• Exercise data:
═══

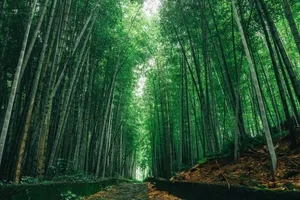 nature jigsaw puzzle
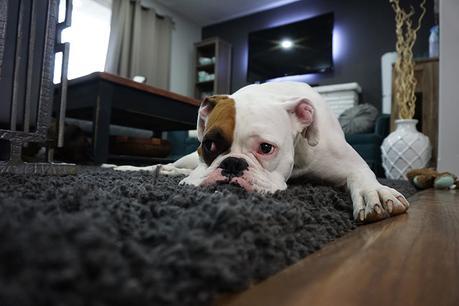 Three Tips and Tricks When Carpet Cleaning at Home Three Tips and Tricks When Carpet Cleaning at Home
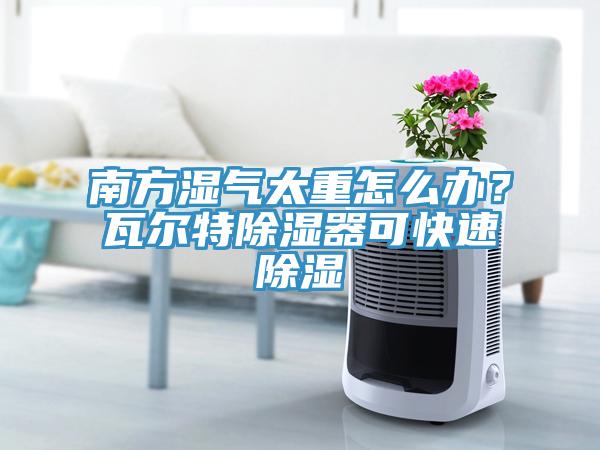 南方濕氣太重怎么辦？瓦爾特除濕器可快速除濕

═══

• About this exercise: Pictures stay out of the copy; print the material above exactly.

• Result:
 nature jigsaw puzzle
 Three Tips and Tricks When Carpet Cleaning at Home Three Tips and Tricks When Carpet Cleaning at Home
 南方濕氣太重怎么辦？瓦爾特除濕器可快速除濕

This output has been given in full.